Introduction
Vascular endothelial growth factor (VEGF) is a major regulator of new blood vessel growth (angiogenesis) and is required for the ability of the mature vasculature to adapt to tissue hypoxia. In addition, recent reports suggest that VEGF also has neurotrophic and neuroprotective functions. Therapeutic angiogenesis with VEGF is a clinically promising strategy in ischemic disease. The pathophysiological consequences of enhanced vessel formation, however, are poorly understood. In addition, the use of VEGF as a therapeutic agent is hampered by the fact that VEGF is also a major inducer of vascular permeability leading to brain edema. In an attempt to dissect the molecular pathways in vivo between angiogenesis, neuroprotection, and vascular permeability inducing properties of VEGF in the brain we generated transgenic mice overexpressing VEGF specifically in the brain. The aim of the present study was to define the pathophysiological consequences of brain-selective VEGF overexpression in ischemic stroke.
Methods
Mice expressing human VEGF165 under a neuron-specific promoter were established, which exhibited an increased density of brain vessels under physiological conditions 1 . These mice were submitted to focal cerebral ischemia, as induced by 90 or 30 minutes of intraluminal middle cerebral artery (MCA) occlusion, followed by 24 (90 min) or 72 (30 min) hours of reperfusion 2 . Cerebral blood flow (CBF) was measured using the 14C-iodoantipyrine technique.
Results
Transgenic mice overexpressing VEGF165 under control of the rat neuron-specific enolase (NSE) promoter are viable and fertile. Transgenic VEGF expression was predominantly found in neuronal cells of the hippocampus, dentate gyrus and cortex while the endogenous mouse VEGF gene is mainly expressed in astrocytes. Analysis of new vessel growth revealed a significant increase in the capillary density in all brain areas analyzed. After transient focal ischemia, transgenic VEGF significantly alleviated neurological deficits and infarct volume and reduced disseminated neuronal injury and caspase-3 activity. Furthermore, Akt activity was increased, confirming earlier in vitro observations that VEGF has neuroprotective properties. Brain swelling was not influenced by VEGF expression, while sodium fluorescein extravasation was moderately increased; suggesting that the higher VEGF levels in transgenic animal induced a mild blood brain barrier leakage.

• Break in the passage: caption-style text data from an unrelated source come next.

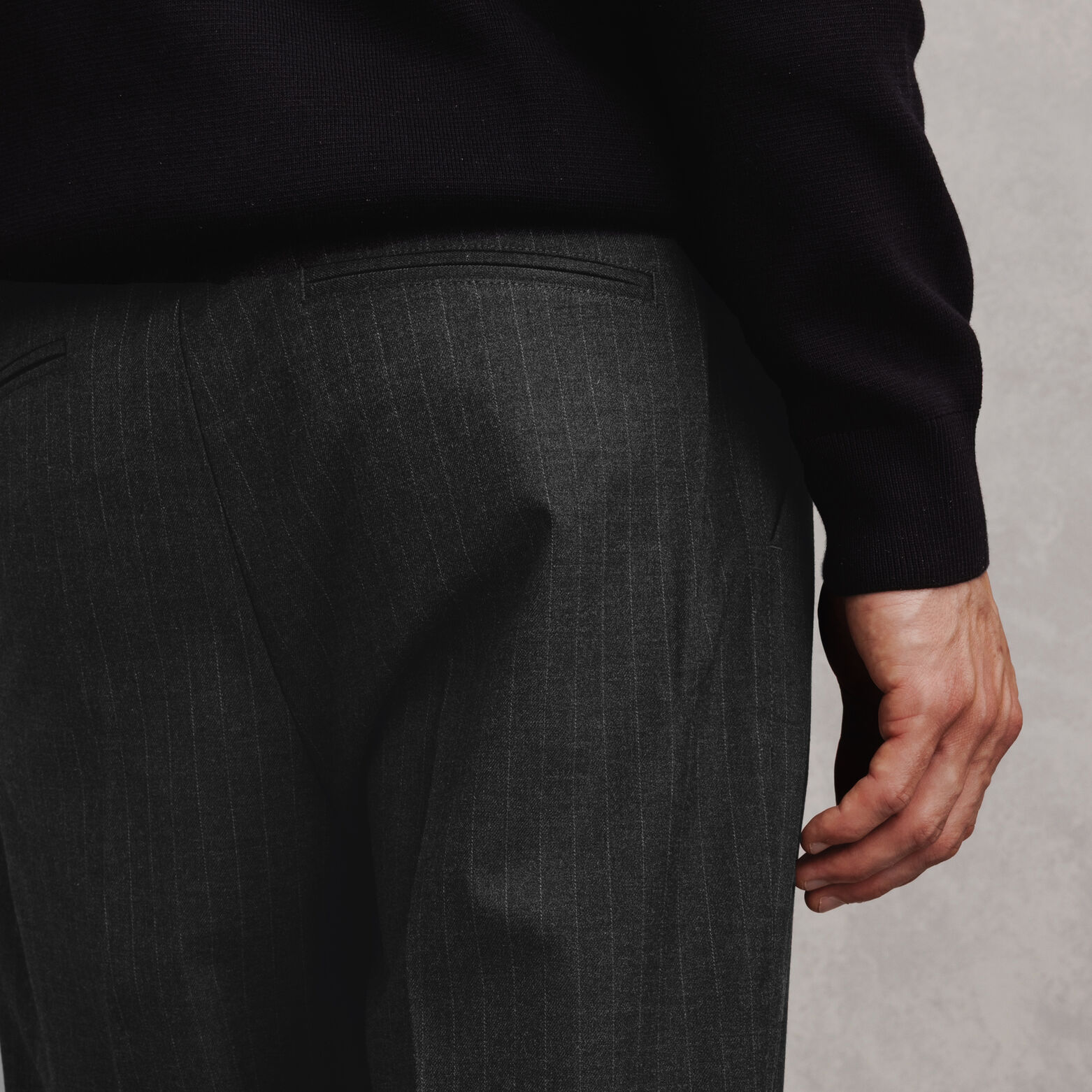 Pantalon chino tapered ray&eacute;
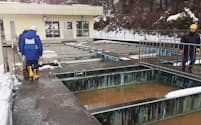 石川県珠洲市で浄水場の復旧に向け、現地で打ち合わせする国土交通省職員（写真：国土交通省）
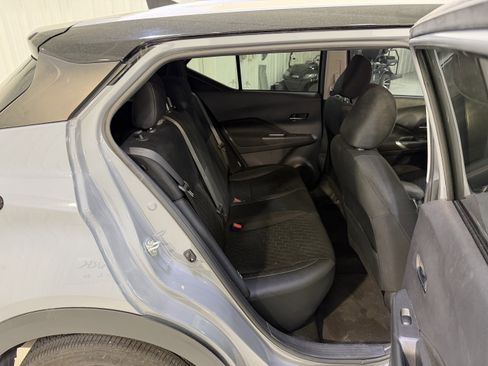 Used 2023 Nissan Kicks SV image 12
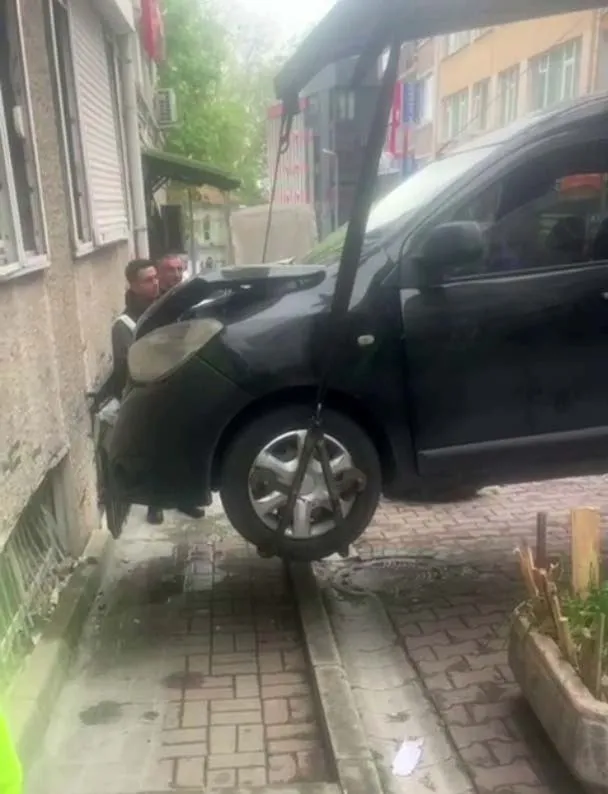 besiktasta-kontrolden-cikan-arac-binaya-carpti-o-anlar-guvenlik-kamerasinda-1714057818499.jpg Beşiktaş'ta kontrolden çıkan araç binaya çarptı! O anlar güvenlik kamerasında... - 2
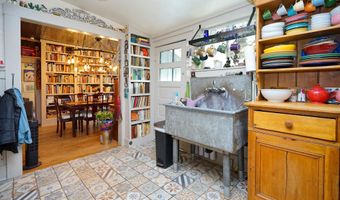 120 B Naco Rd, Bisbee, AZ 85603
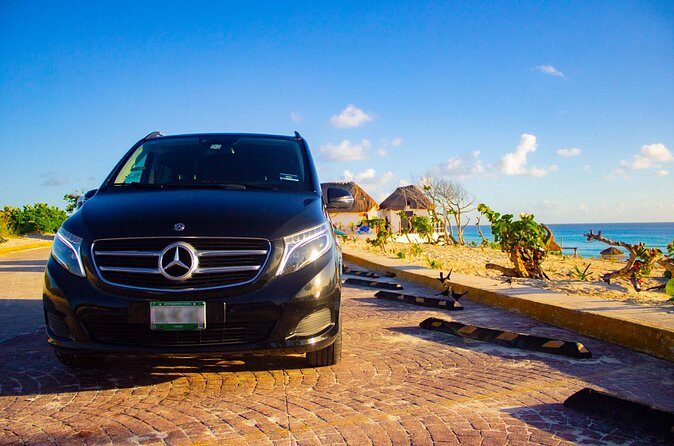Departures in Mercedes Benz from Tulum to Cancun Airport - Mobile ticket and real-world reliability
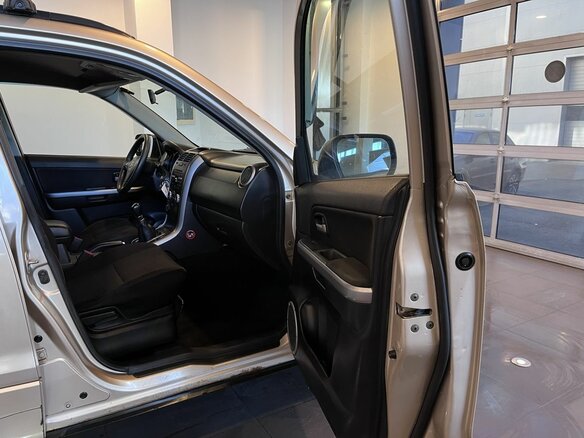 2005 Suzuki Grand Vitara II, бежевый, 550000 рублей - вид 24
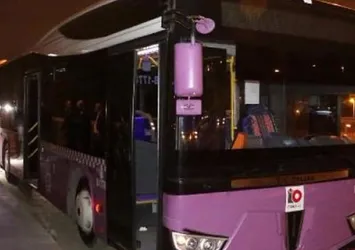 Belediye otobüsüne molotof attılar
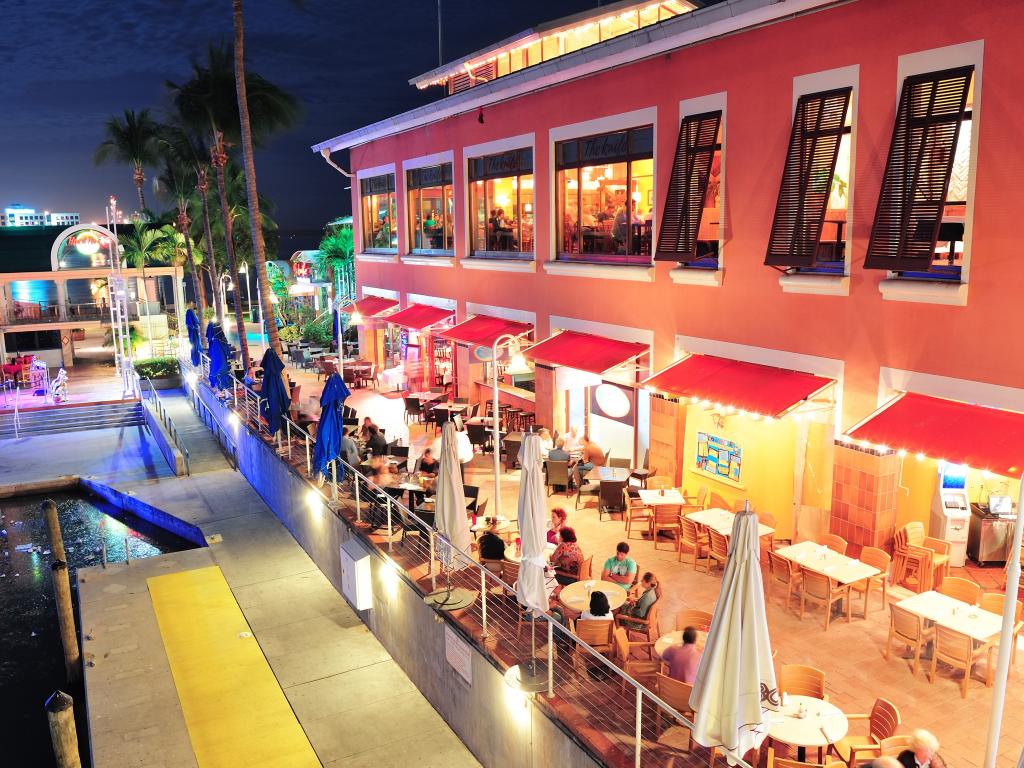 Stores and restaurants in the evening at Bayside Miami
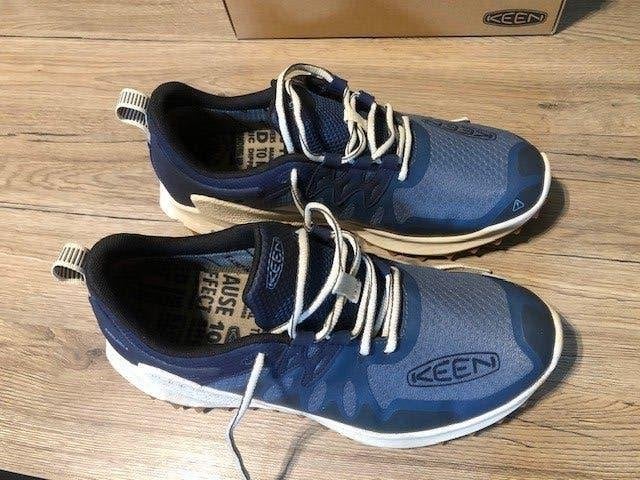 M43 Heren Keen Zionic sportieve splinternieuwe schoenen., Ophalen of Verzenden, Nieuw, Blauw
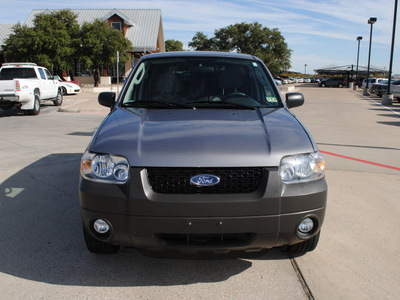 ford escape 2007 gray suv xlt gasoline 6 cylinders front wheel drive automatic with overdrive 76087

To elucidate whether enhanced angiogenesis improves regional cerebral blood flow in the ischemic brain, 14C-iodoantipyrine autoradiography was performed. Autoradiographies revealed that VEGF induces hemodynamic steal phenomena with reduced blood flow in ischemic areas and increased flow values only outside the MCA territory.
Conclusions
Our data demonstrate that VEGF protects neurons from ischemic cell death by a direct phosphatidylinositol-3 kinase/ Akt-dependent neurotrophic action rather than by promoting angiogenesis. Our results suggest that strategies aiming at increasing vascular density in the whole brain, e.g. by VEGF overexpression, may worsen rather than improve cerebral hemodynamics after stroke.